* Problem to solve *
Give back the lines below verbatim, omitting all pictures.

* Data below *
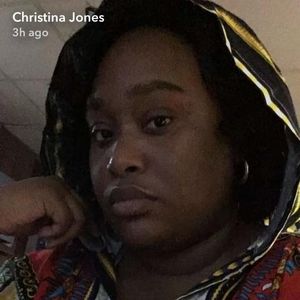 Meet your Posher, Jasmine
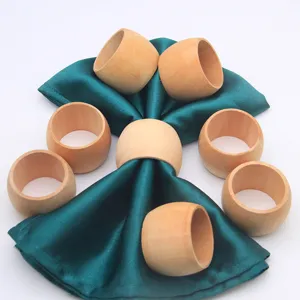 Juego de servilleteros de madera hechos a mano con tela para decoracion de mesa de hotel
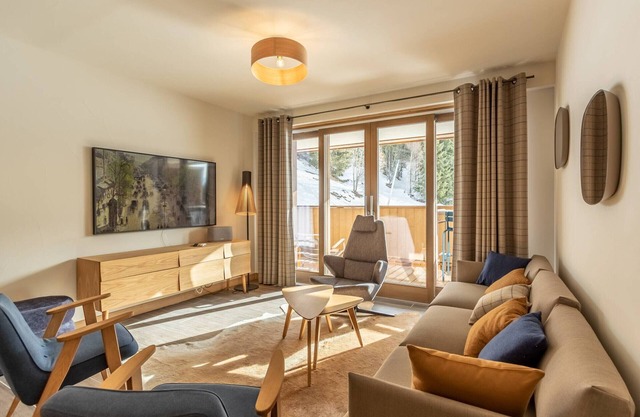 Stunning 6-room in Arcs 1600, POOL, SPA, ski-in ski-out, up to 12 people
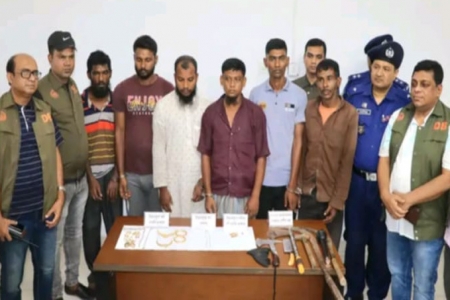  নড়াইলে ৬ ডাকাত সদস্য গ্রেফতার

* Completed task *
 Meet your Posher, Jasmine
 Juego de servilleteros de madera hechos a mano con tela para decoracion de mesa de hotel
 Stunning 6-room in Arcs 1600, POOL, SPA, ski-in ski-out, up to 12 people
  নড়াইলে ৬ ডাকাত সদস্য গ্রেফতার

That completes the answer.